A series of this calibre warrants owning as it is worthy of multiple viewings. That is not an earthshattering declaration when it comes to series produced by the BBC as they have given us a ton of quality. Though the series has a huge cast the story is never too intricate that you cannot catch on quickly.
It deals with a man who creates and runs a large department store in London. This season begins in 1928 and Lady Mae (played by Katherine Kelley) returns to London. Her arrival coincides with American Selfridge (played by Jeremy Piven) getting into a tight financial spot due to some quickly made decisions in regards to promoting the store. Grove (played by Tom Goodman-Hill) is celebrating his twentieth year with the store.
An almost ten year jump ahead in time between the end of the third season and the beginning of the fourth occurs. This is to allow for the tying up of characters and their storylines. The final ten episodes allow us ample time to say goodbye to characters and be somewhat happy about the way things end.

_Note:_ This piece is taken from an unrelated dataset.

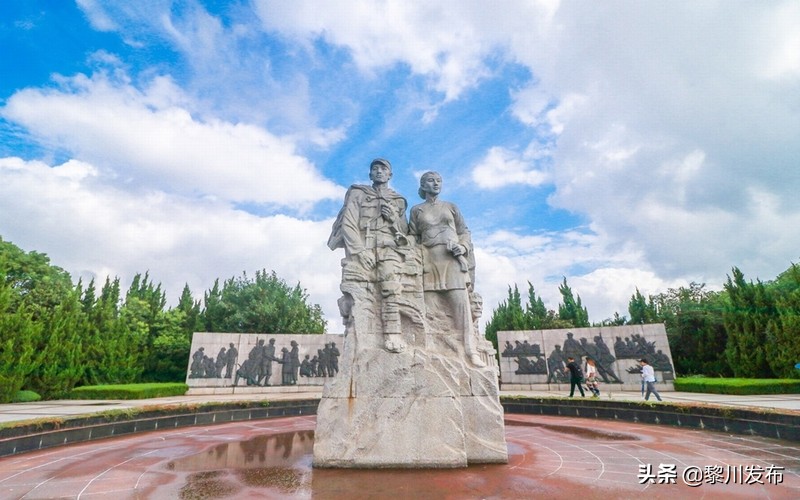 常熟地图全图大图沙家浜,常熟沙家浜风景区公交车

There has been the inevitable comparison the hugely popular Downton Abbey (though I don’t know why as they are completely different series) and while it is not as lavish particular attention is paid to things like set and costumes. They really transport you to London in the 1920s. While the backdrop of the series is the store and running of it, the series branches out into things like interpersonal relationships and other subplots. While the characters have ups and downs the series does not, remaining consistently strong. Sadly this is said to be the series’ last season.
-The Making of ‘Mister Selfridge’: (HD 5:57)
-The Rise and Fall of Harry Selfridge: (HD 3:38)
-The Ladies of Selfridges: (HD 3:36)
-Interview With Jeremy Piven: (HD 6:30).